Nigeria: Church Targeted in Bomb Attack
By NewsfromAfrica
JOS---At least 10 people have died in a suicide car bomb attack on a catholic church and the retaliatory violence that followed in violence-ridden central Nigeria’s city of Jos on Sunday, officials have said. The blast went off as worshippers were preparing to attend the final mass of the day at St. Finbar’s Catholic Church in the Rayfield area of Jos. The suicide bombers are said to have detonated the explosives upon they refused to open the boot of their car during a security check-up at the gate of the church.
The bombing sparked reprisal attacks against Muslims in the city later in the day, with angry protestors burning down homes and shops. Soldiers guarding on standby guard are said to have opened fire to disperse the protestors in the city’s neighbourhood, according to witnesses.
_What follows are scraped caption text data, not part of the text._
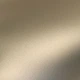 Самоклеящаяся пленка матовая золотистый хром МH04 0,300*1,52 м (8452) - изображение 1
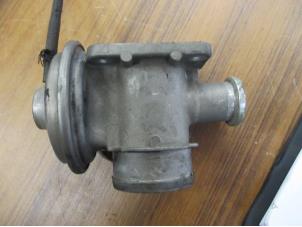 Used EGR valve Landrover Freelander Hard Top 2.0 td4 16V Price € 60,50 Inclusive VAT offered by Garage Callant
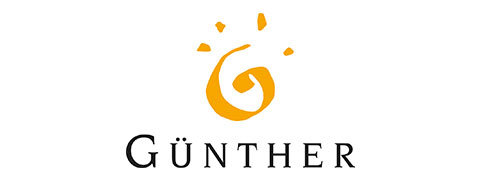 Das meiste Cashback bei Günther Klassenlotterie Logo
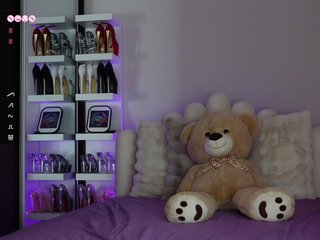 angelamyst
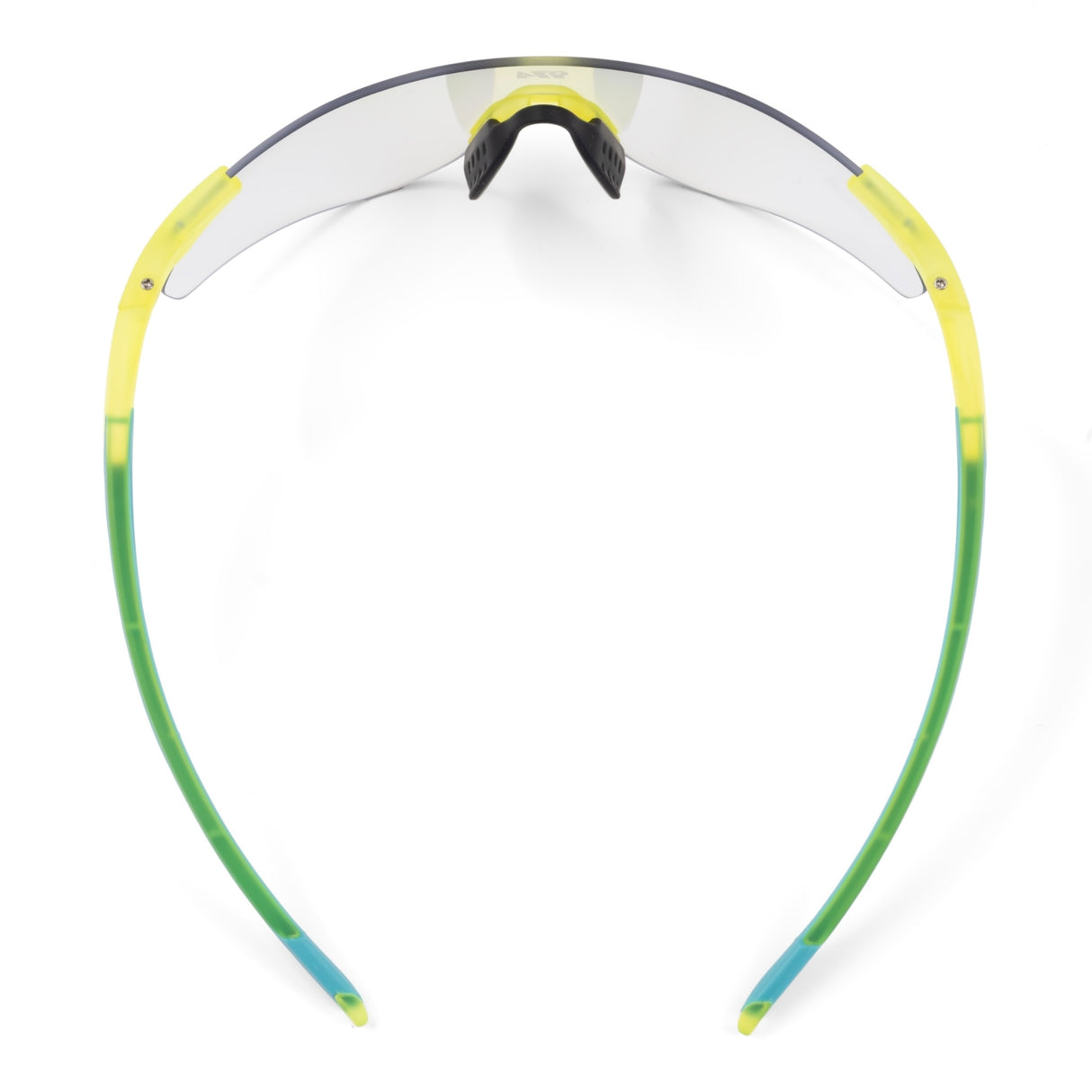 THE PEARL 25.37° N Sunglasses - Made to protect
Spokesman of the Plateau State where Jos is located, Pam Ayuba told the Associated Press news agency that the blast damaged the roof of the church, blew out its windows and also part of the perimeter wall.
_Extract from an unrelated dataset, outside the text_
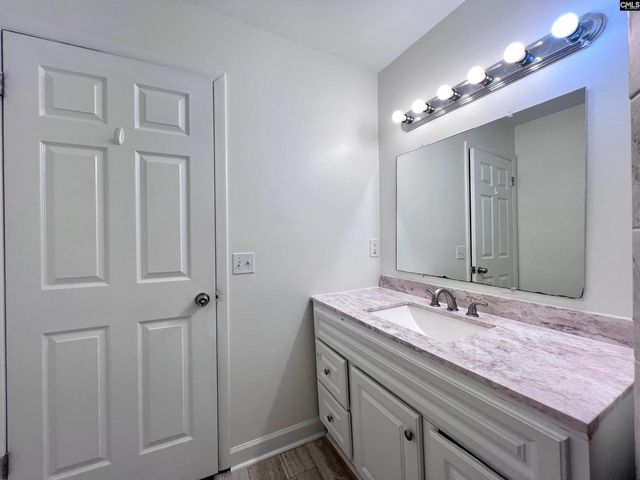 140 Forest Fern Road, Columbia, SC 29212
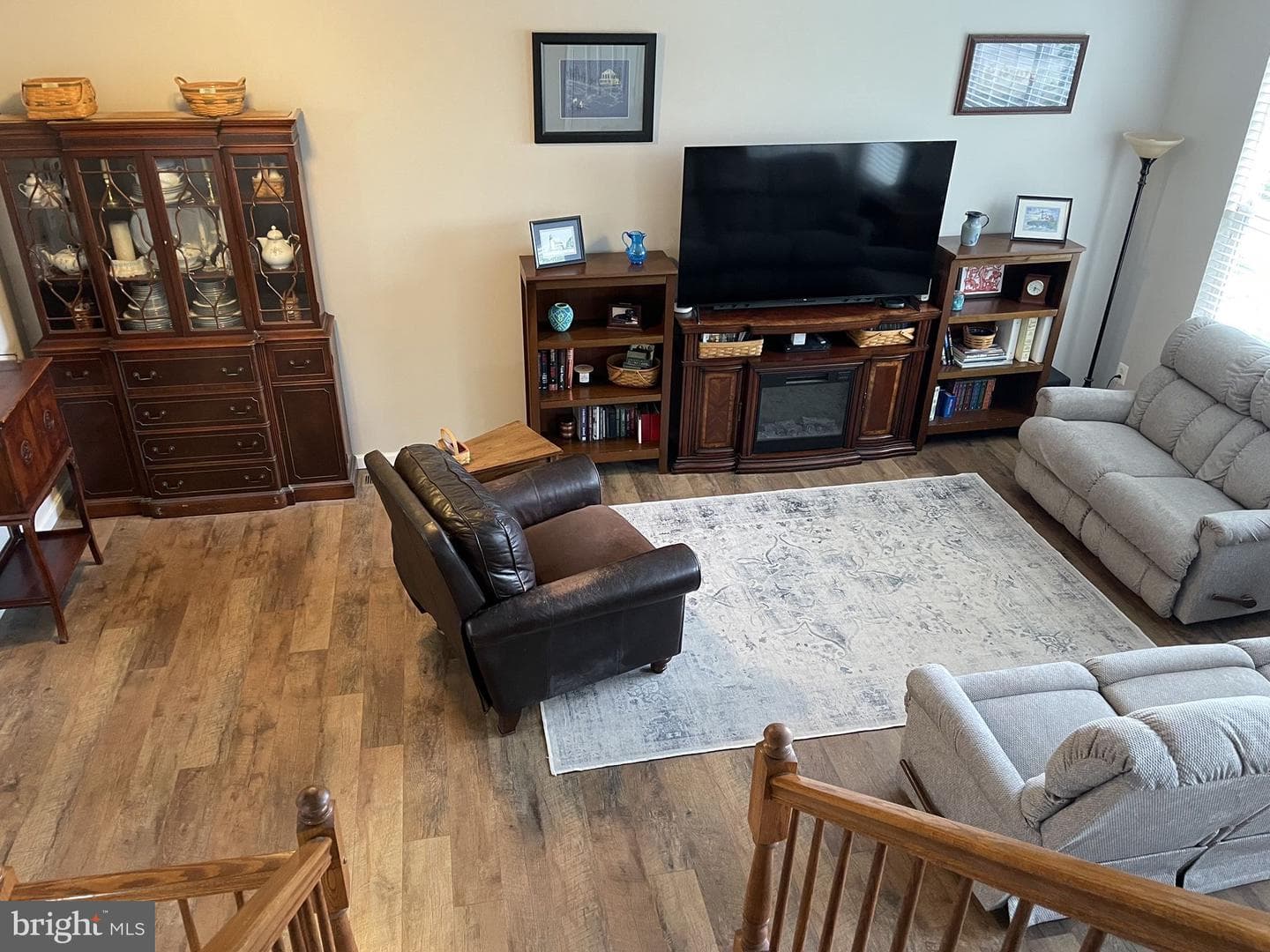 390 Bruaw Drive photo 30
Rev Peter Umoren the parish priest recalled moments of the blast said it came just ten minutes into the mass. “I heard these blasts... and there was this chaos and the people were finding their way out of the church," he said.
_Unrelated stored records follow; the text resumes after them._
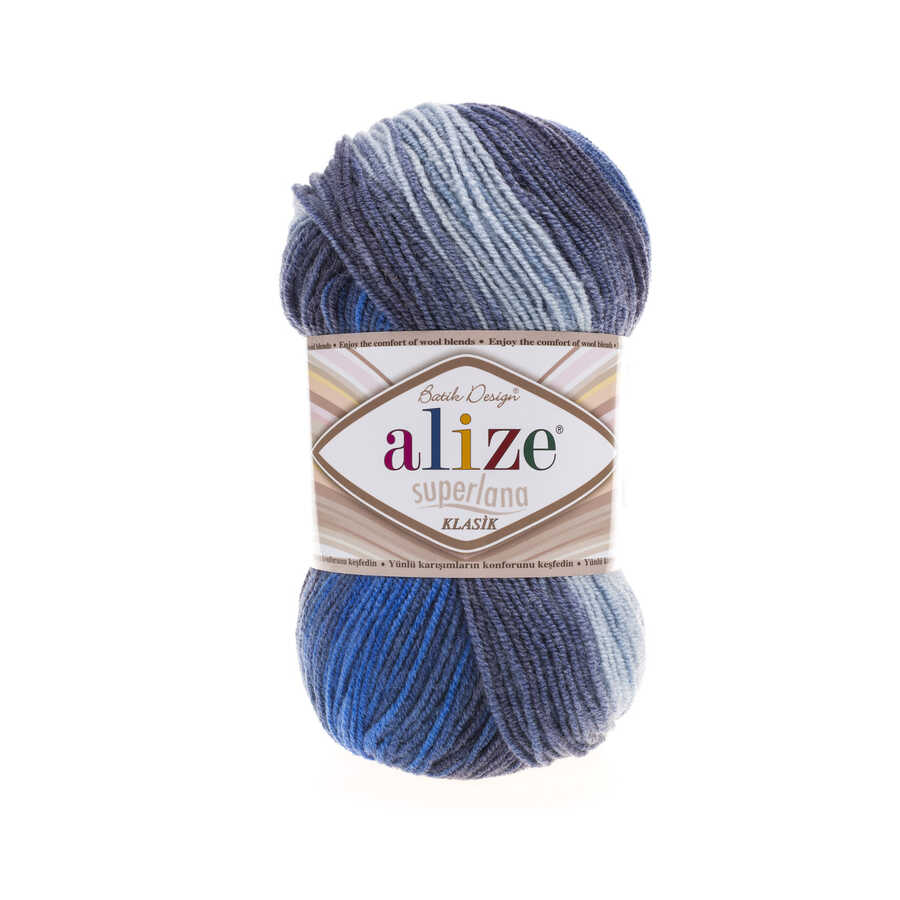 Alize%20Superlana%20Klasik%20Batik%204761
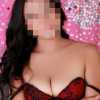 İlkadım Escort: Dantel Tutkunlarının Bir Numaralı Seçimi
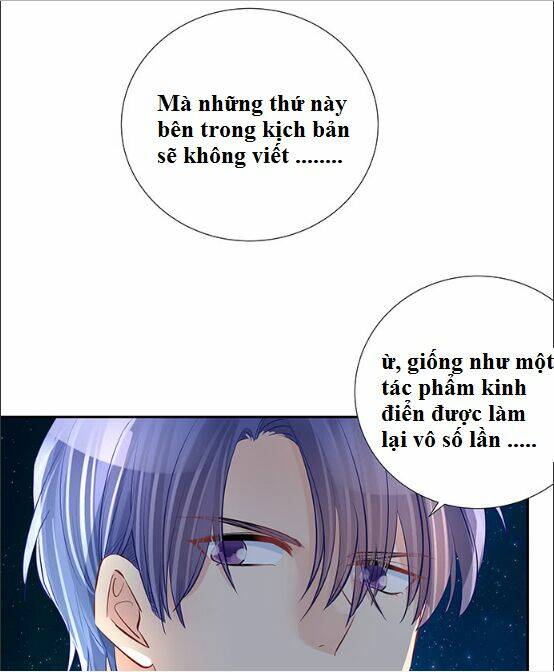 Trọng Sinh Để Ngủ Với Ảnh Đế: Chapter 107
President Goodluck Jonathan has condemned the weekend bomb attack and called on people to remain patient and refrain from any acts of taking matters into their own hands, such as reprisal attack.
No group so far has claimed responsibility of the attack but the Islamic sect Boko Haram which has claimed similar series of attacks in the city and in others in northern Nigeria is largely speculated to be behind it.
The sect was behind the last year’s Christmas bombing that left scores dead, recent most attack being one on headquarters of the Church of Christ in February 26, that left three dead and 38 others wounded.
Plateau state whose capital is Jos, lies in the middle belt region that separate the predominantly Muslim north from the mainly Christian and animists
south. Hundreds of people have died in clashes between the Muslim and Christian ethnic groups in the region with over 1000 lives claimed since 2009, including more than 300 this year.
Boko Haram which is loosely modelled on Afghanistan’s Taliban, fights to instill Islamic state in mainly the Muslim north and has mainly targeted
police installations and churches in the region.